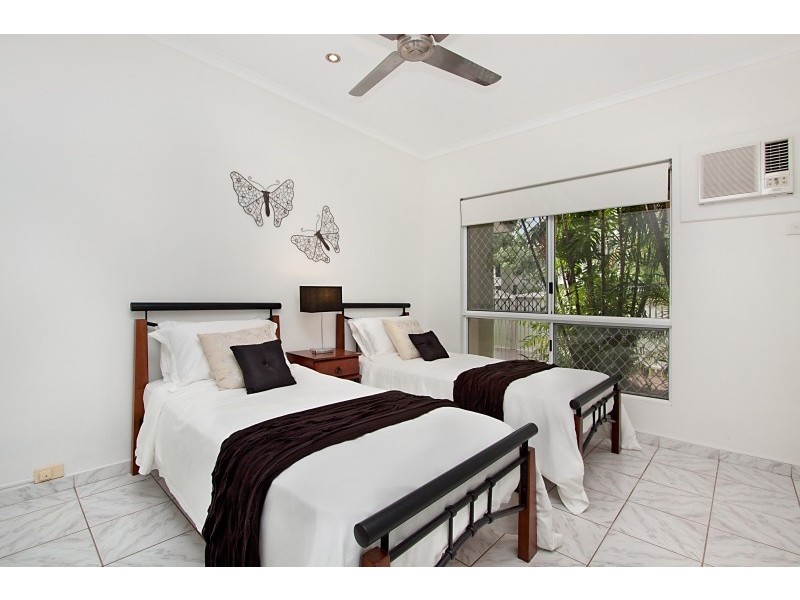 3/20 Bayview Street, Fannie Bay NT 0820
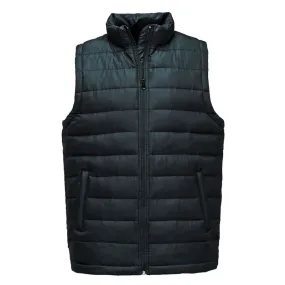 Chaleco Aspen PORTWEST S544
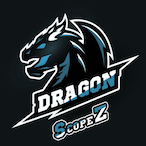 ScopeZ.-.'s Avatar'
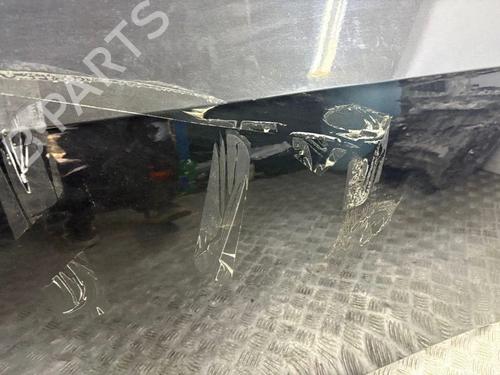 Right front door VW ID.3 (E11, E12) Pro S | BP40206914C3 - Image 8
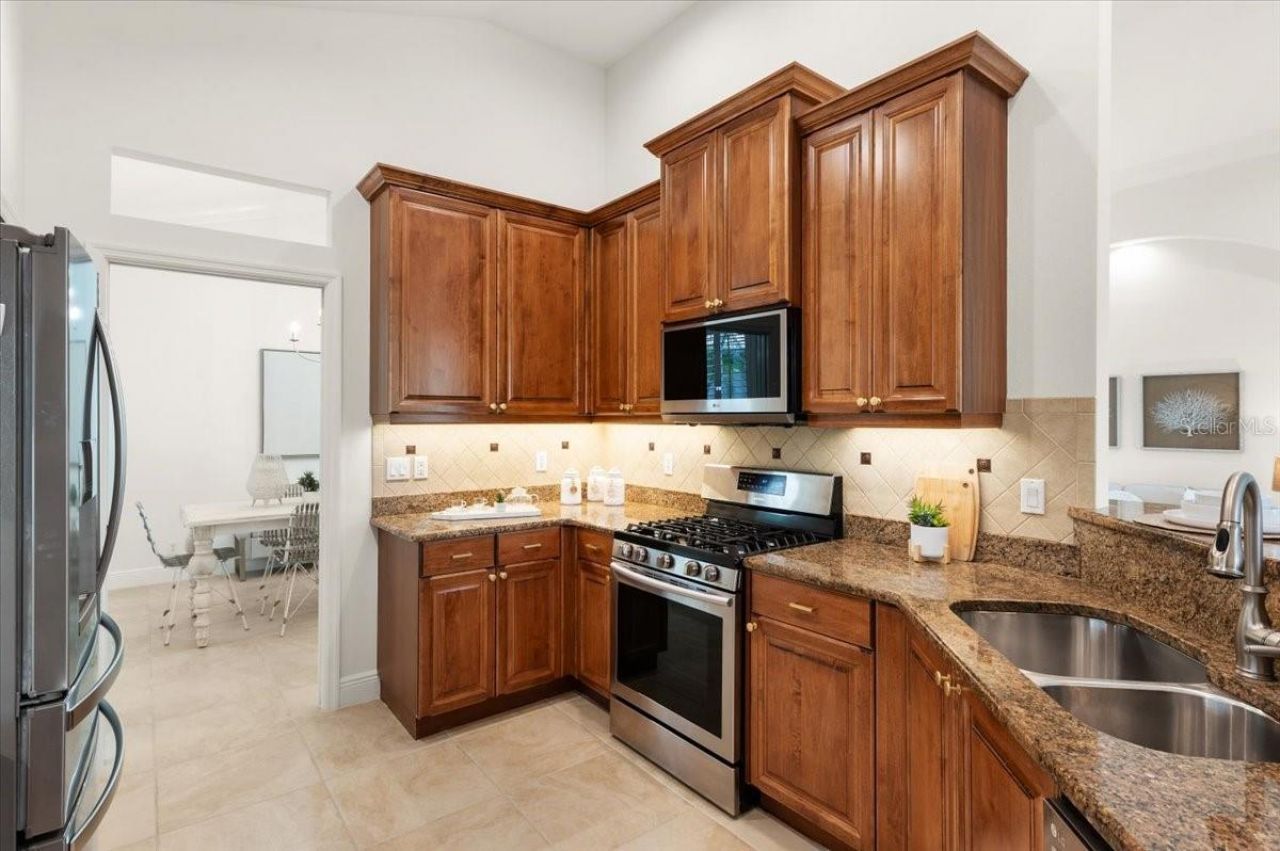 7422 Edenmore Street, Lakewood Ranch, FL 34202 Photo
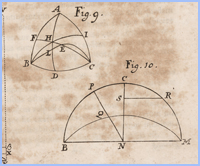 Bernoulli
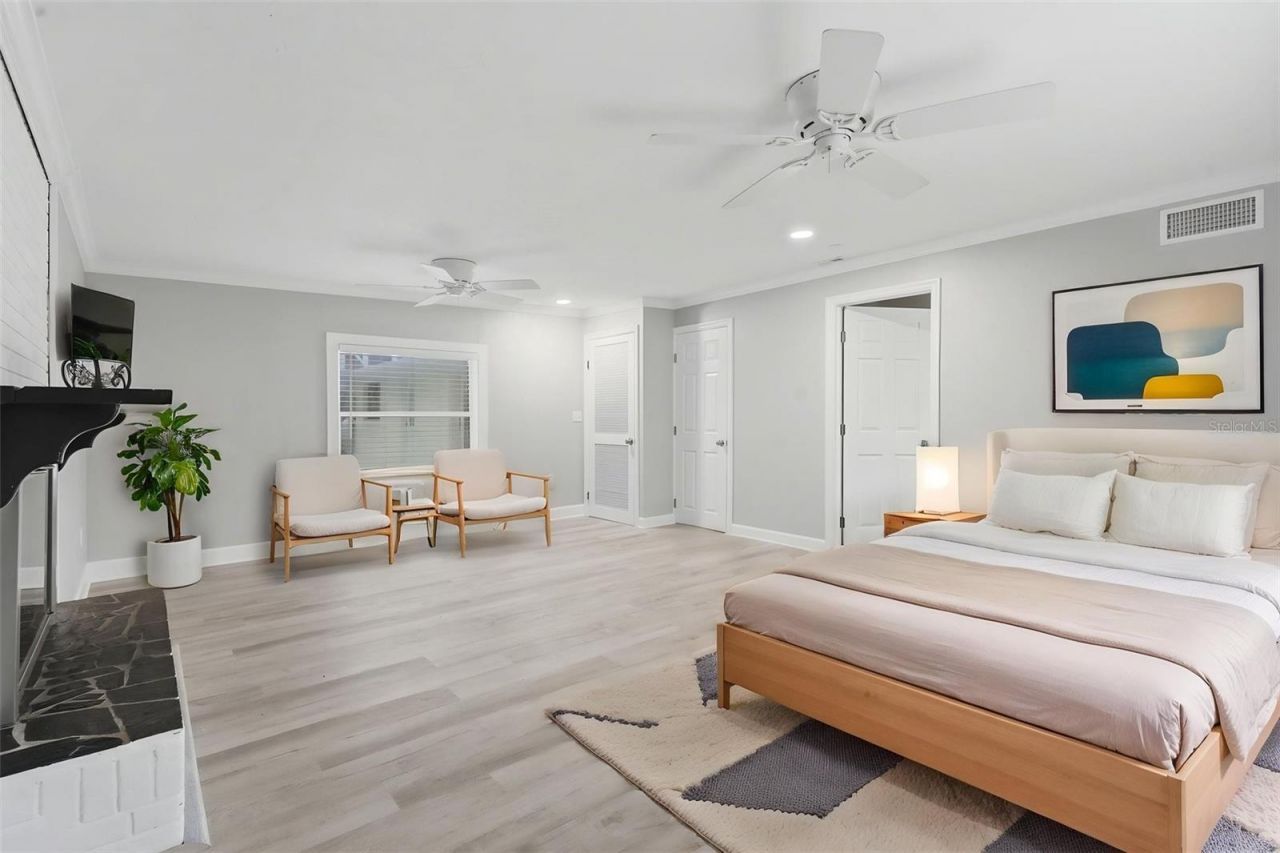 1 Carley Circle, New Smyrna Beach, FL 32169 Photo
▬▬▬▬▬▬
*PROBLEM*: Print all of the material exactly. Omit pictures.

*ANSWER TO THE PROBLEM*:
 3/20 Bayview Street, Fannie Bay NT 0820
 Chaleco Aspen PORTWEST S544
 ScopeZ.-.'s Avatar'
 Right front door VW ID.3 (E11, E12) Pro S | BP40206914C3 - Image 8
 7422 Edenmore Street, Lakewood Ranch, FL 34202 Photo
 Bernoulli
 1 Carley Circle, New Smyrna Beach, FL 32169 Photo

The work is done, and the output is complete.